#### Required work:
Transcribe exactly the lines from the one containing "A scenic view" through the end of the data, both included. Leave out pictures.

#### Provided data:
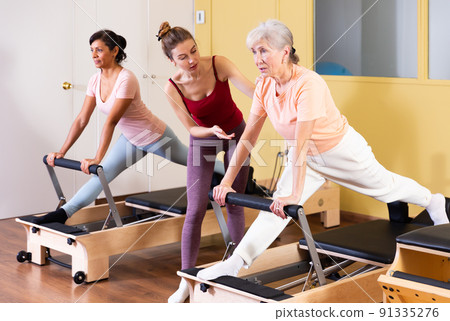 Young pilates instructor assisting elderly woman to do exercises on reformer 91335276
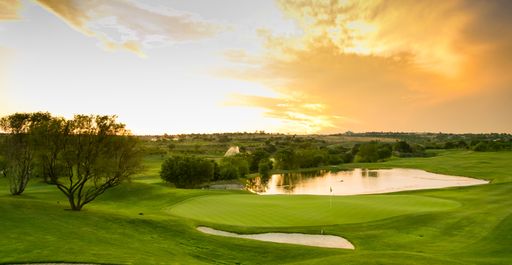 A scenic view of water hazards on a fairway golf course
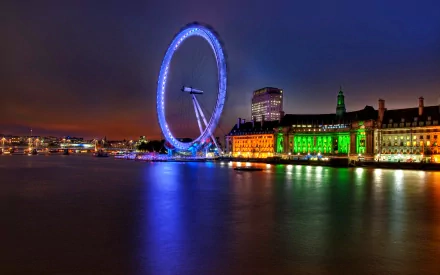 HD desktop wallpaper showing the illuminated London Eye and surrounding buildings at night, reflecting on the Thames River in London.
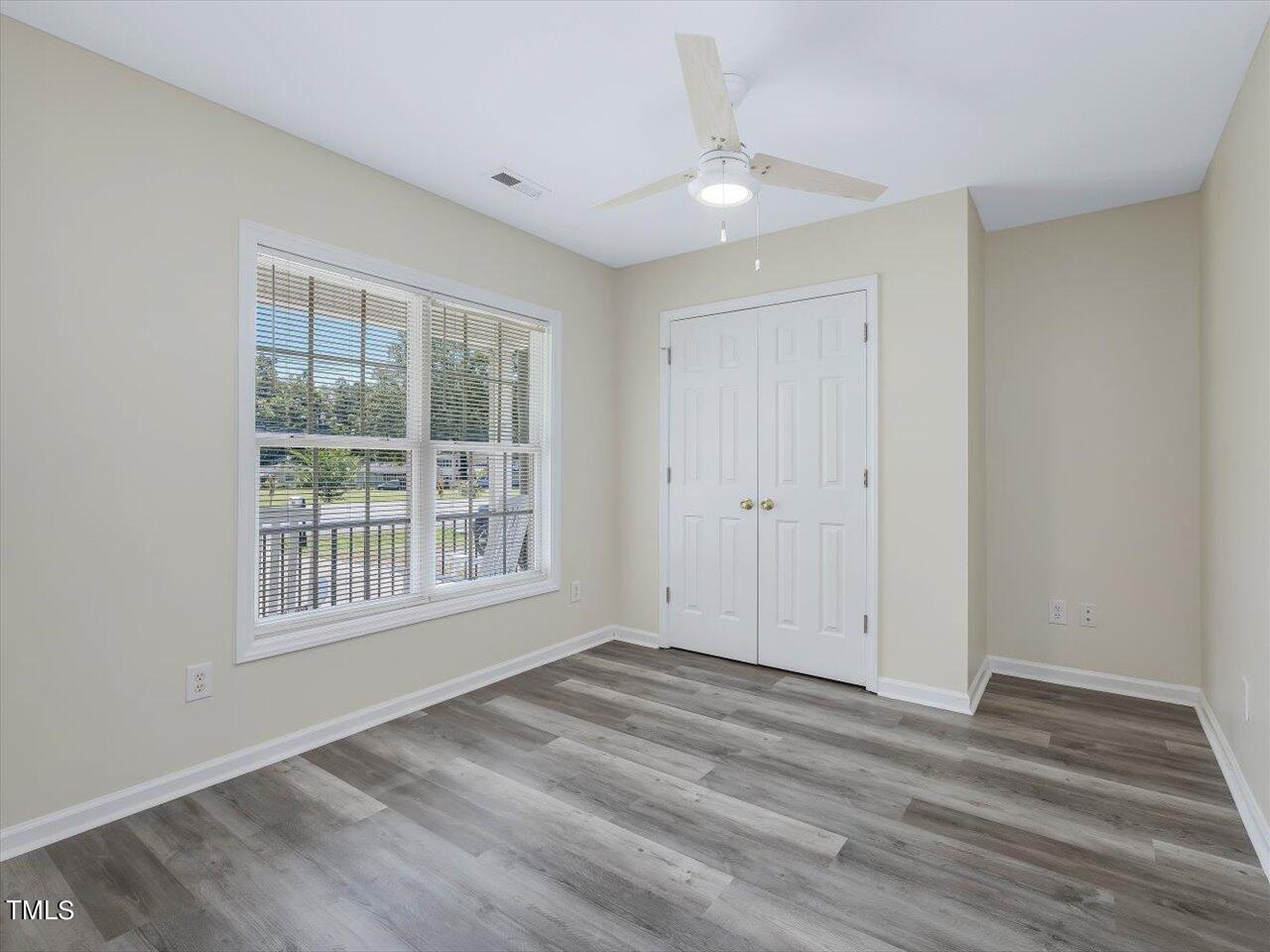 2907 Dearborn Drive Durham, NC 27704 - Photo 9 of 52 a view of empty room with wooden floor and fan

#### Task response:
 A scenic view of water hazards on a fairway golf course
 HD desktop wallpaper showing the illuminated London Eye and surrounding buildings at night, reflecting on the Thames River in London.
 2907 Dearborn Drive Durham, NC 27704 - Photo 9 of 52 a view of empty room with wooden floor and fan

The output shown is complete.